Cresce temor de ofensiva terrestre na Faixa de Gaza | Amir Cohen/Ruters
Cresce temor de ofensiva terrestre na Faixa de Gaza | Amir Cohen/Ruters

O premiê israelense, Binyamin Netanyahu, rejeitou no domingo oa apelos por um cessar-fogo ao defender a ofensiva de seu país contra a Faixa de Gaza, durante aparições na TV norte-americana. “Vamos fazer o que for necessário para colocar um fim nisso”, disse, em referência ao disparo de mísseis contra Israel.

Netanyahu disse que israelenses estão sob o cerco de foguetes de militantes, em uma entrevista ao programa “Face the Nation” da CBS. “Quando começamos esta entrevista estávamos sob alerta de bomba e, enquanto os minutos passavam, agora nos dizem que as pessoas podem sair ao ar livre novamente”.

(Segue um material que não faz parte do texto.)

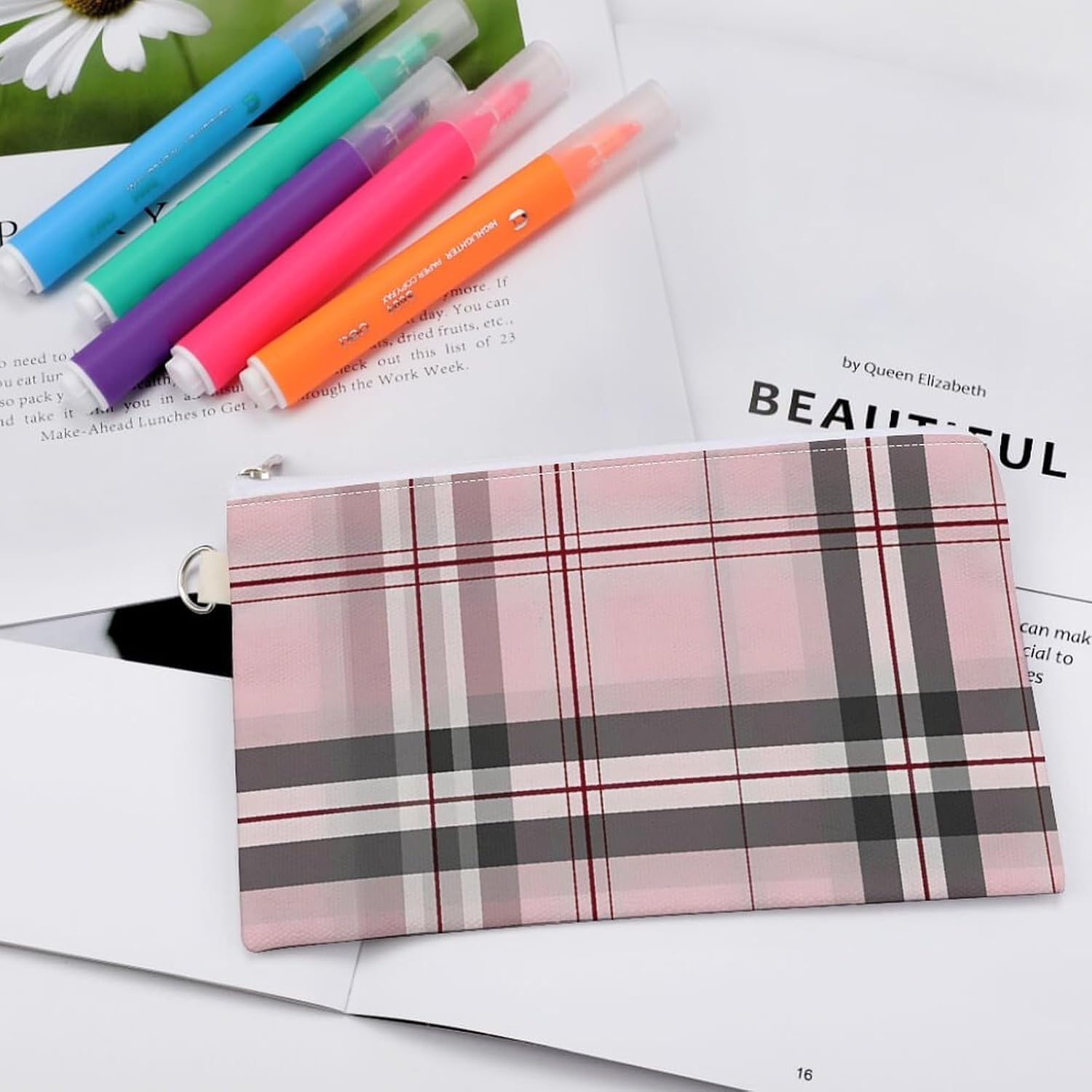 Burgundy Tartan Plaid Coin Purse Change Purse Pouch Wallet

Ele pediu que os norte-americanos imaginassem que cidades da costa leste dos EUA até o Colorado, ou 80% da população, estivessem sob ameaça de ataques de foguetes, com apenas 60 a 90 segundos para chegar a abrigos. “Isso é o que estamos experimentando agora, enquanto falamos”.

A ofensiva israelense já matou pelo menos 160 pessoas, segundo autoridades na Faixa de Gaza.

Refugiados

Milhares de palestinos civis fugiram de suas casas ontem, depois que Israel os advertiu a deixar o local antes de ataques contra o que dizem ser locais de lançamentos de foguetes.

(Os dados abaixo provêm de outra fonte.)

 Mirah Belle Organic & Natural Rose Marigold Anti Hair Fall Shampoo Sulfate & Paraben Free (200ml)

As forças israelenses lançaram panfletos em Beit Lahiya, perto da fronteira norte da Faixa de Gaza com Israel. Nos papéis aparecia a informação: “Aqueles que não cumprirem as instruções para sair imediatamente colocarão em risco suas vidas e as vidas de suas famílias. Cuidado”.

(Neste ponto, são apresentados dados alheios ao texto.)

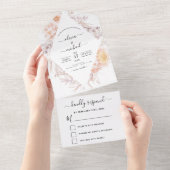 Boho Chic Dusty Pink Desert Wedding RSVP All In One Uitnodiging (Afscheurbaar)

O Exército israelense disse aos moradores de três dos dez bairros de Beit Lahiya para saírem da cidade de 70 mil pessoas até o meio dia de domingo (horário local). Funcionários da agência da ONU para refugiados palestinos disseram que cerca de 4 mil pessoas fugiram para o sul, para oito escolas administradas pelo organismo internacional na Cidade de Gaza.

Nas escolas administradas pela ONU na Cidade de Gaza, os moradores de Beit Lahiya chegaram em carroças cheias de crianças, malas e colchões, enquanto outros foram de carro ou táxi. Um homem, ainda de pijama, disse à Reuters que alguns moradores tinham recebido telefonemas advertindo-os para sair.

“O que poderíamos fazer? Tivemos que correr para salvar as vidas de nossos filhos”, disse Salem Abu Halima, 25, pai de dois filhos.

O Ministério do Interior de Gaza, em um comunicado na rádio do Hamas, rejeitou as advertências israelenses como “guerra psicológica” e instruiu aqueles que deixaram suas casas a retornar.